# WORK INSTRUCTION
When you copy from the entries that follow, take only the lines from the one with "NIB New Balance" down to the one with "521 Estero BLVD", keeping both ends and dropping every picture.

# DATA EXTRACT

───

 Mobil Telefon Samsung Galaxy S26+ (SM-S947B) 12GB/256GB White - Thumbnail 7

───

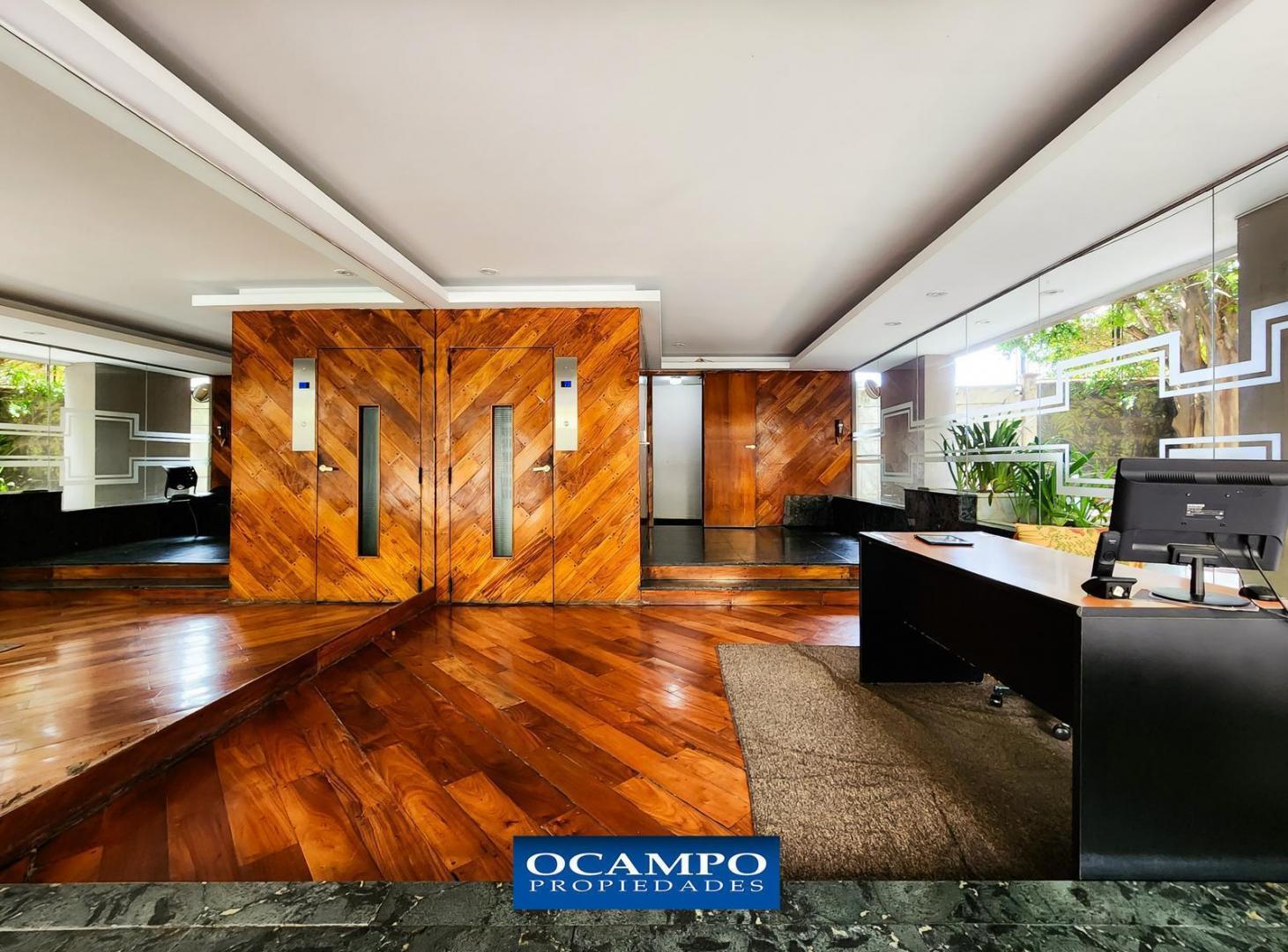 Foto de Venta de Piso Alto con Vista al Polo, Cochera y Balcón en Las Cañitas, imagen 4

───

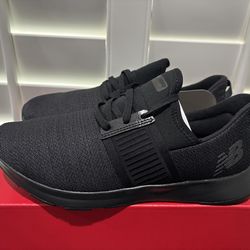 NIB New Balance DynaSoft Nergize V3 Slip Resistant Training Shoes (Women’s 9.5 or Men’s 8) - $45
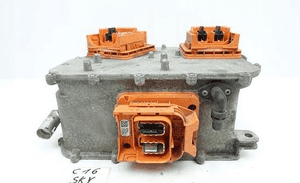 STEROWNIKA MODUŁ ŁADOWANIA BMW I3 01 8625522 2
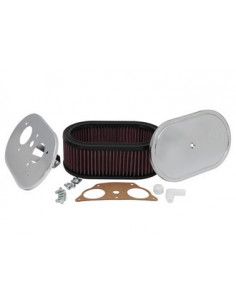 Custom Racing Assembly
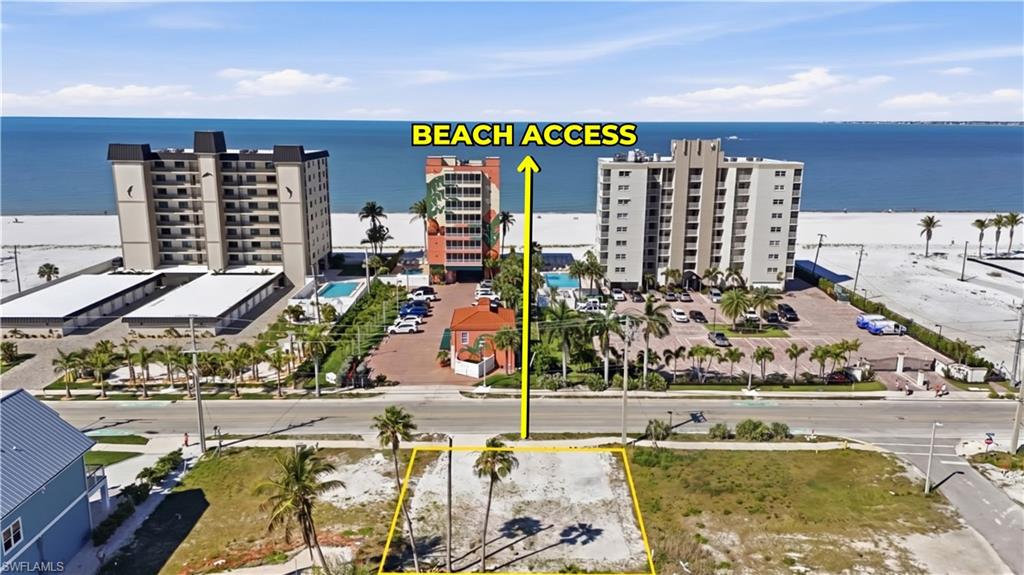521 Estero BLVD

───

# PROBLEM SOLUTION
 NIB New Balance DynaSoft Nergize V3 Slip Resistant Training Shoes (Women’s 9.5 or Men’s 8) - $45
 STEROWNIKA MODUŁ ŁADOWANIA BMW I3 01 8625522 2
 Custom Racing Assembly
521 Estero BLVD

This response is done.